Les dégâts sont énormes: matériels, certes, mais aussi et surtout d’ordre moral et psychologique. Les scènes de pillage, de saccage de nuit font mal. On les croyait révolues, tant elles évoquent de tristes et douloureux souvenirs, comme si l’histoire fait de nouveau marche arrière. Comme pour s’entendre dire: tout ça pour ça.
Les dégâts collatéraux au plan international sont encore plus graves. On arrive à peine à effacer les traces et le souvenir des attentats terroristes qui ont tétanisé l’activité touristique et détourné du pays les flux des IDE, que nous faisons de nouveau parler de nous de la plus mauvaise des manières. La déflagration est terrible. Elle survient moins d’un mois de la massue qui s’est abattue sur nous, après que le pays a été mis à l’index par le groupe de conduite de Bruxelles. Hypocrisie, méprise ou manque de discernement des ministres des Finances européens? Sans doute. Mais ce sont aussi nos propres dysfonctionnements qui ont fait peser sur nous doutes et suspicions. Et au final, une présence peu enviable dans la blacklist, en compagnie de pays frappés de l’infâme insigne des paradis fiscaux. On avait bon espoir de quitter cette zone trouble, de tous les dangers, lors de la session de rattrapage prévue pour fin janvier, après que nos moyens de défense se sont enfin mis en branle.
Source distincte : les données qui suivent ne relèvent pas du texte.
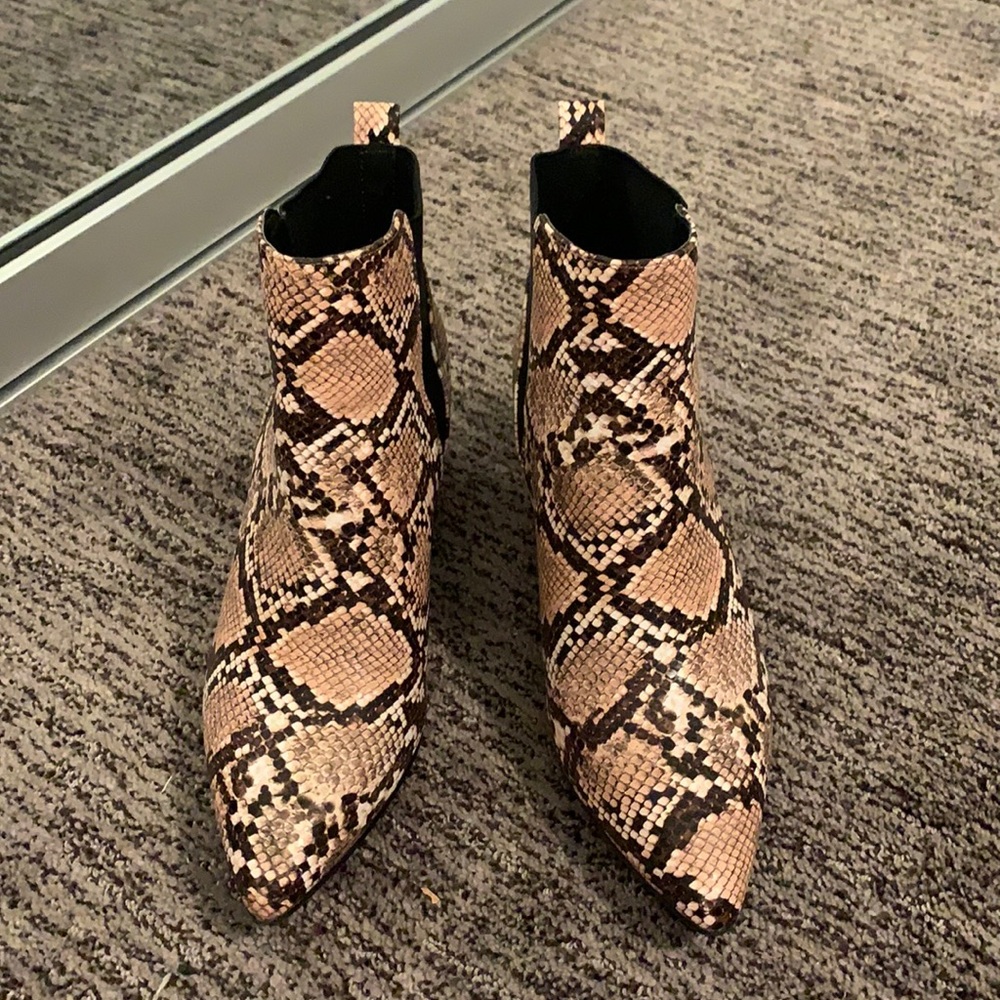 Pattern heel boots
Et c’est au moment où l’on se prépare à dissiper tout soupçon, à laver l’affront et à défendre notre honneur bafoué, qu’on se saborde de nouveau en envoyant au monde des signaux peu rassurants. L’image n’est pas définitivement rétablie que la voilà écorchée de nouveau. A croire que nous sommes en permanence victimes du mythe de Sisyphe.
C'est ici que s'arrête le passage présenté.